■ **The data**
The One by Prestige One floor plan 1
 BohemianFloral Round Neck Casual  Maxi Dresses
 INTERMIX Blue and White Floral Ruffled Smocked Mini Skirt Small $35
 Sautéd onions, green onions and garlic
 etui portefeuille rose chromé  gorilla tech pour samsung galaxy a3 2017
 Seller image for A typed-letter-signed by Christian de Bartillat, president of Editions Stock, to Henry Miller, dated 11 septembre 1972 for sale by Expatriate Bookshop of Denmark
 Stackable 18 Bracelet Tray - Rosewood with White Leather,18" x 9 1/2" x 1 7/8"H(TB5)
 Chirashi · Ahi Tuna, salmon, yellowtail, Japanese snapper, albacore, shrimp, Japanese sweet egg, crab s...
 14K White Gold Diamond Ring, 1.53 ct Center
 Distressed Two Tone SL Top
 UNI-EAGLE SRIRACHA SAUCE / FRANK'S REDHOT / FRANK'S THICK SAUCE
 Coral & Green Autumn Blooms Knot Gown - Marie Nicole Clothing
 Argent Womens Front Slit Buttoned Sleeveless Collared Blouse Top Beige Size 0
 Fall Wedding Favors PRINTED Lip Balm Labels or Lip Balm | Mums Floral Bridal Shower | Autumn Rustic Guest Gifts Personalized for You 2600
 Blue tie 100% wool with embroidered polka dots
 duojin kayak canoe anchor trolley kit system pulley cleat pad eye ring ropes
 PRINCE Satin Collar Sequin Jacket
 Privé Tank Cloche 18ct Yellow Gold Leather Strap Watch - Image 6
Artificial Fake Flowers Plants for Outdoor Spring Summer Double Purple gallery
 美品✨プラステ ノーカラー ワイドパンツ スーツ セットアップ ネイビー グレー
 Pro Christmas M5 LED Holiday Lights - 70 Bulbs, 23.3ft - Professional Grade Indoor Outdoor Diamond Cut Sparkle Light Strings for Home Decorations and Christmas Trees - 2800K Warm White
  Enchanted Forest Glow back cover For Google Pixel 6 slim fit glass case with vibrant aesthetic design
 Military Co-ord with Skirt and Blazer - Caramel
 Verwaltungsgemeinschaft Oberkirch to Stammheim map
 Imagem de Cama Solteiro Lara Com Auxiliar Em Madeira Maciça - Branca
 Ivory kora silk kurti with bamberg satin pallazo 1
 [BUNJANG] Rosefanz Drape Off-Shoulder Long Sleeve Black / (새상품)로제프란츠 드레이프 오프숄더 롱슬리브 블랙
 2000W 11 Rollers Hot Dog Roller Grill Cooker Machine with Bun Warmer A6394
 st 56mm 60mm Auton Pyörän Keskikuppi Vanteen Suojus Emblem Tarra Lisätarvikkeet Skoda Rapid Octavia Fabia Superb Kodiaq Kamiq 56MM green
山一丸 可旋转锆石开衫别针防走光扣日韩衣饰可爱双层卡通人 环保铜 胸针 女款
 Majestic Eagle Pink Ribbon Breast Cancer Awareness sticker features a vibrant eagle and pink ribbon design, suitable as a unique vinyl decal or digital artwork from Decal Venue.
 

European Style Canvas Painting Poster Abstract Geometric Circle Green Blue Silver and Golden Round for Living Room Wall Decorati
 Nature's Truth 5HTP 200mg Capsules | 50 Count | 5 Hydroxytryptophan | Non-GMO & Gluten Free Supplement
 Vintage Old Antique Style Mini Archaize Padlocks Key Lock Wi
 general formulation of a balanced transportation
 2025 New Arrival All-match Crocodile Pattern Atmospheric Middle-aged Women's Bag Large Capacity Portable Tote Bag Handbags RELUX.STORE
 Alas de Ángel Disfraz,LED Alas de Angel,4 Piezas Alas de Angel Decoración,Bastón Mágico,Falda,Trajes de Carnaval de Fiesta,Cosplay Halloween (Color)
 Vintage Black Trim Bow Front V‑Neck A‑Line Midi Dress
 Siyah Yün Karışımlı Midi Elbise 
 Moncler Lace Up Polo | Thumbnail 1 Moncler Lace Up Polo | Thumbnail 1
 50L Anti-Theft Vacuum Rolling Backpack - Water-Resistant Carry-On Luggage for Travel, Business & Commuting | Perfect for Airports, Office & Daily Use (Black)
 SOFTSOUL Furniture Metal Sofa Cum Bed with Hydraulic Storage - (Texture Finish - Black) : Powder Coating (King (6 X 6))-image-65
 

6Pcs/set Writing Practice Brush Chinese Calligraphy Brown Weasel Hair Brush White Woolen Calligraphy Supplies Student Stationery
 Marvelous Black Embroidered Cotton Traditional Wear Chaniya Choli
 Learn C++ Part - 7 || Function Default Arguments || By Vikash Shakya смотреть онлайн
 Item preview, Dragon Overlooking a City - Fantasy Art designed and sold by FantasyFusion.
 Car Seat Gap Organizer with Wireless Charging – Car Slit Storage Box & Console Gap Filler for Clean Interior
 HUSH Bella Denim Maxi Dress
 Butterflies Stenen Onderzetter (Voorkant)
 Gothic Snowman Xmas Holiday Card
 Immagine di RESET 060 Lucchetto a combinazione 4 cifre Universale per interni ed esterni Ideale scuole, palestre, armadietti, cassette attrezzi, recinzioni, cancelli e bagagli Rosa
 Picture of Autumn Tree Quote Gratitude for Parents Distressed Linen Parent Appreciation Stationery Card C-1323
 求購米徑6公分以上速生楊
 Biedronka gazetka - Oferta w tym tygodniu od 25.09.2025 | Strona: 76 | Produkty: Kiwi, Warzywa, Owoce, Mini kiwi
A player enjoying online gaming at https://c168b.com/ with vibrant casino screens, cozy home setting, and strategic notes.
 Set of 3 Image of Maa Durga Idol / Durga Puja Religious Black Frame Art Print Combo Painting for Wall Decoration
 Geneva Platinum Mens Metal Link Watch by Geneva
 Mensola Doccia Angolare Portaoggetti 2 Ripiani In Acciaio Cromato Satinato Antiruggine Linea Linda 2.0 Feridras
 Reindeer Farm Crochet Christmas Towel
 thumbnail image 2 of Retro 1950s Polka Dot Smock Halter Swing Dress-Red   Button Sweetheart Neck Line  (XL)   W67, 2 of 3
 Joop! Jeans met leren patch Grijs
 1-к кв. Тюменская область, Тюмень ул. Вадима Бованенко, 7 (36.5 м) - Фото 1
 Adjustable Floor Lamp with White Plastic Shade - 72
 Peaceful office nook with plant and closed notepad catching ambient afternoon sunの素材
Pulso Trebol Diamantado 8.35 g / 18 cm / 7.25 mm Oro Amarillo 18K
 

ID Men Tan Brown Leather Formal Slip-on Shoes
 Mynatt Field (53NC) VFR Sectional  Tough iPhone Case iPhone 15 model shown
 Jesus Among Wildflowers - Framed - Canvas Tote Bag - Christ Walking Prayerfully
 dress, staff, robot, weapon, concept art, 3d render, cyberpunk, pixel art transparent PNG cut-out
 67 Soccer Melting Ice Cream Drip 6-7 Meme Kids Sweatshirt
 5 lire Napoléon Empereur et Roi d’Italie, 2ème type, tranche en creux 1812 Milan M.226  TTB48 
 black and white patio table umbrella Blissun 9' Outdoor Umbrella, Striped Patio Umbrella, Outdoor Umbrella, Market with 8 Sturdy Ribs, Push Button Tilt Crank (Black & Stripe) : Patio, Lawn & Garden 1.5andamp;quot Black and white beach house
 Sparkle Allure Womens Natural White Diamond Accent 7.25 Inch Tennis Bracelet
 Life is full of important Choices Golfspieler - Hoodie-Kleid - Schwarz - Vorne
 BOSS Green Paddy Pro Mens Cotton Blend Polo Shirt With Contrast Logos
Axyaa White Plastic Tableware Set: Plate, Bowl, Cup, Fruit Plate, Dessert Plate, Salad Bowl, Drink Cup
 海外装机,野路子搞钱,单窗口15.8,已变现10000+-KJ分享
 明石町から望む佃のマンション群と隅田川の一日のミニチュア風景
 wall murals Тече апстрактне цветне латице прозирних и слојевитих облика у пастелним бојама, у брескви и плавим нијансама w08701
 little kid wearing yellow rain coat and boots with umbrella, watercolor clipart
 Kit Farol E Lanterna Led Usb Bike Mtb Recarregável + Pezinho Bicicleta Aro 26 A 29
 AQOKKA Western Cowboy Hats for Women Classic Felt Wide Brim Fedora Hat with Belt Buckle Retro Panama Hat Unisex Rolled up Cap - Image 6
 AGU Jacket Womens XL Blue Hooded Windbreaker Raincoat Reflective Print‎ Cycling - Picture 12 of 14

■ **About this task**
Where the listing above reaches the line that contains "INTERMIX Blue and", start retyping, and finish with the line that contains "Seller image for"; reproduce those lines exactly and no others.

■ **Written reply**
 INTERMIX Blue and White Floral Ruffled Smocked Mini Skirt Small $35
 Sautéd onions, green onions and garlic
 etui portefeuille rose chromé  gorilla tech pour samsung galaxy a3 2017
 Seller image for A typed-letter-signed by Christian de Bartillat, president of Editions Stock, to Henry Miller, dated 11 septembre 1972 for sale by Expatriate Bookshop of Denmark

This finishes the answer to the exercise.